Task goal:
The lines below from the one with "Hello everyone, welcome" up to and including the one with "Hey, this is" are what you should set down, exactly and without pictures.

Data:

- - - - -

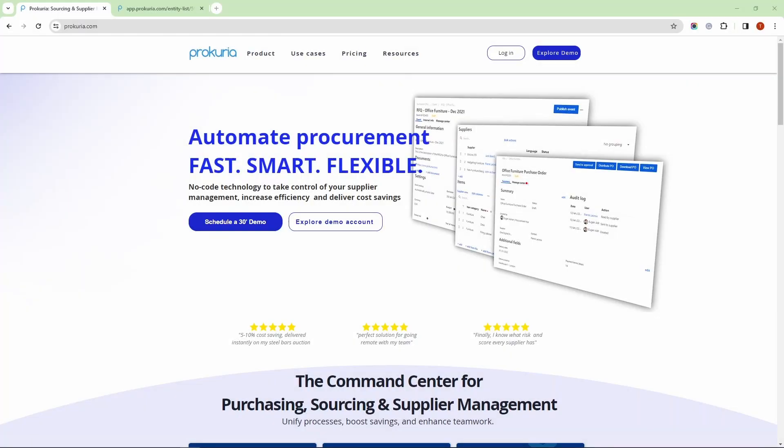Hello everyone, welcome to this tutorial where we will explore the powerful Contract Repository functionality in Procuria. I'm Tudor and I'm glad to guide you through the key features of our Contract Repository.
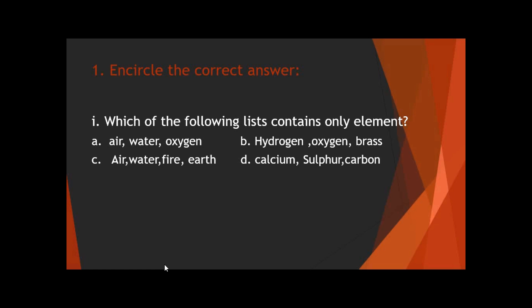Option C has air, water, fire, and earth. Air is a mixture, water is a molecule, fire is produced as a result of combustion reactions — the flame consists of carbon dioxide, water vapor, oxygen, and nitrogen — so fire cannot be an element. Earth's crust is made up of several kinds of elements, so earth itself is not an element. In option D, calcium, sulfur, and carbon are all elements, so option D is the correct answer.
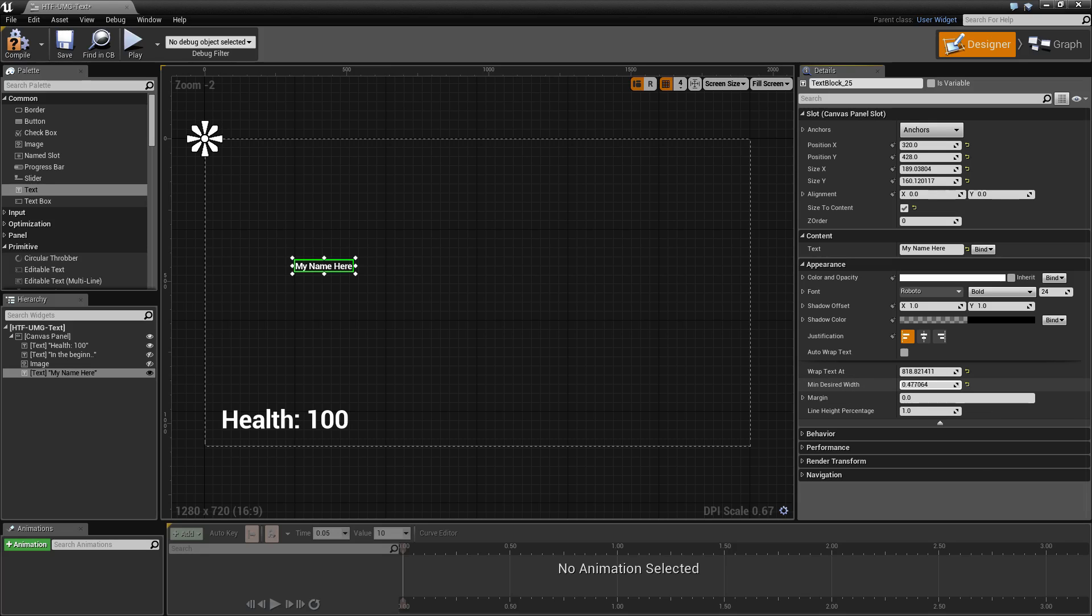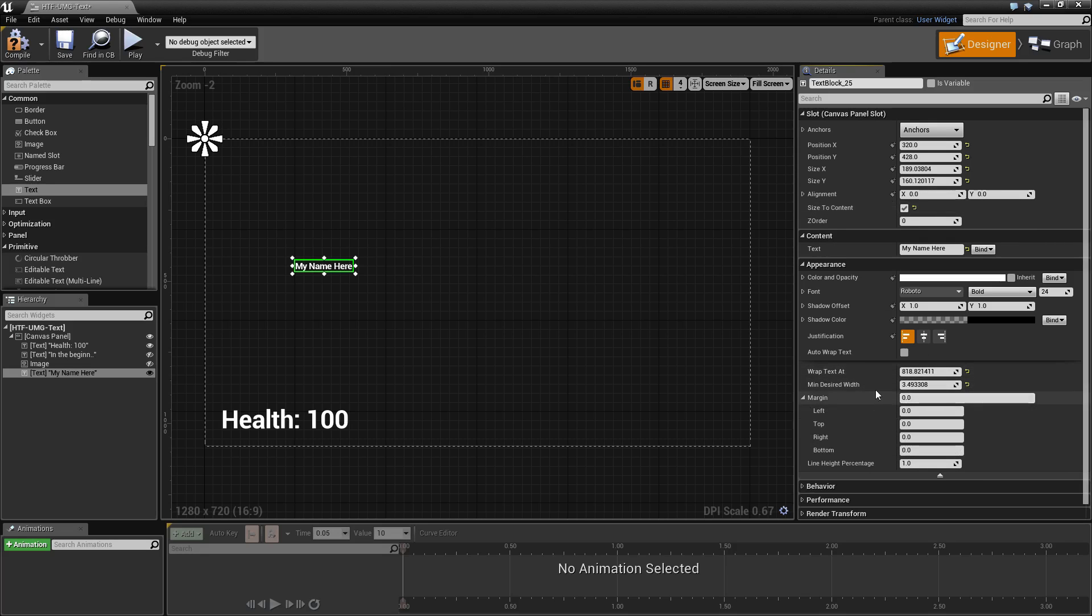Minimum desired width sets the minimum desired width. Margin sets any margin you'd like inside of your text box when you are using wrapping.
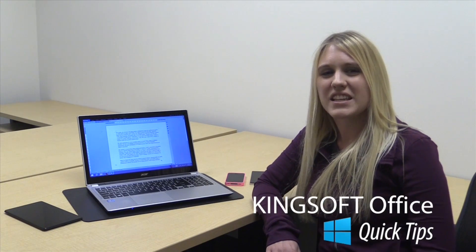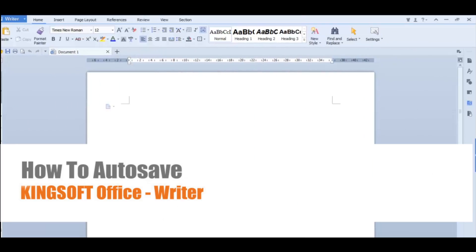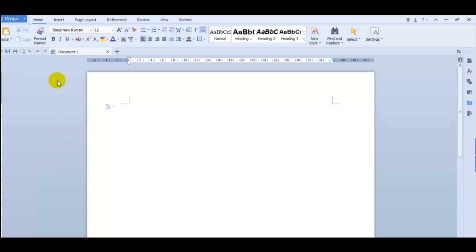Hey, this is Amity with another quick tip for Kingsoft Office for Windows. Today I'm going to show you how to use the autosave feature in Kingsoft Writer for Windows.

- - - - -

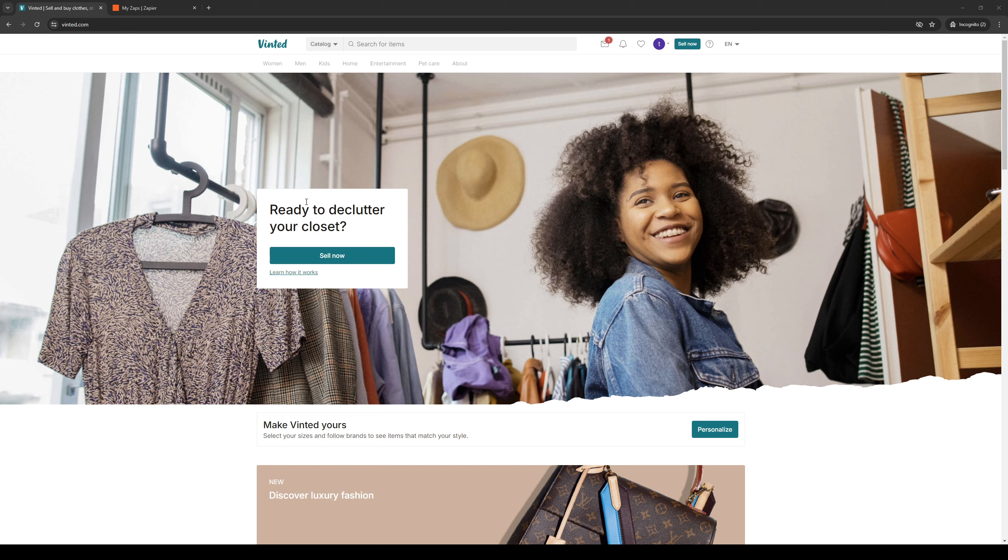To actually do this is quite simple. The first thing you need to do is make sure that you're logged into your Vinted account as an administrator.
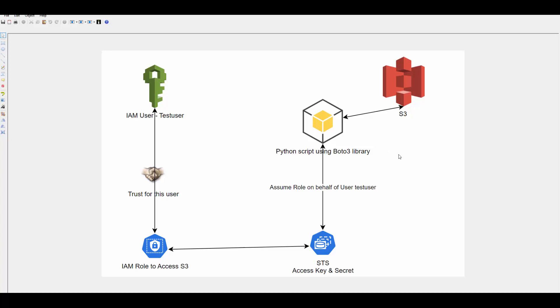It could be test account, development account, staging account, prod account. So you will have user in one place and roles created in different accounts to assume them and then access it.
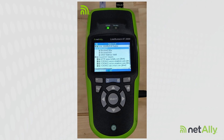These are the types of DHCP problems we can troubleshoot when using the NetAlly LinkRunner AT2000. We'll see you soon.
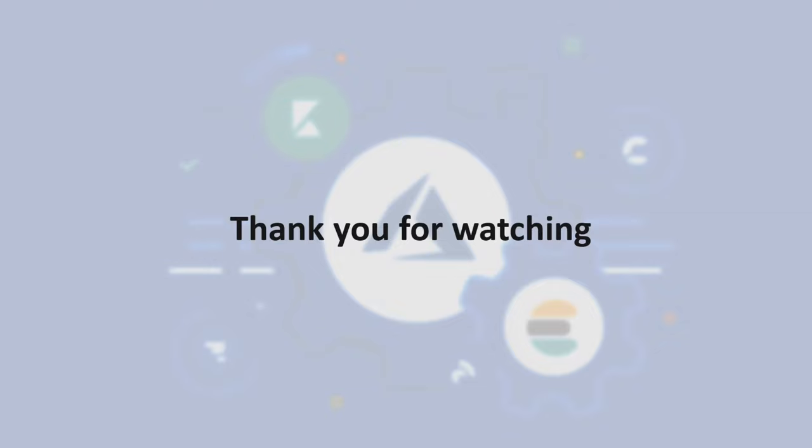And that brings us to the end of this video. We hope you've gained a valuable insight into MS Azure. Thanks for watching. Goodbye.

- - - - -

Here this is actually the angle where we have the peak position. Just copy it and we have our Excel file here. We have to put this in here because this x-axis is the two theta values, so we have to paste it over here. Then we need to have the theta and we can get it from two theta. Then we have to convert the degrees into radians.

- - - - -

Exercise response:
Hello everyone, welcome to this tutorial where we will explore the powerful Contract Repository functionality in Procuria. I'm Tudor and I'm glad to guide you through the key features of our Contract Repository.
Option C has air, water, fire, and earth. Air is a mixture, water is a molecule, fire is produced as a result of combustion reactions — the flame consists of carbon dioxide, water vapor, oxygen, and nitrogen — so fire cannot be an element. Earth's crust is made up of several kinds of elements, so earth itself is not an element. In option D, calcium, sulfur, and carbon are all elements, so option D is the correct answer.
Minimum desired width sets the minimum desired width. Margin sets any margin you'd like inside of your text box when you are using wrapping.
Hey, this is Amity with another quick tip for Kingsoft Office for Windows. Today I'm going to show you how to use the autosave feature in Kingsoft Writer for Windows.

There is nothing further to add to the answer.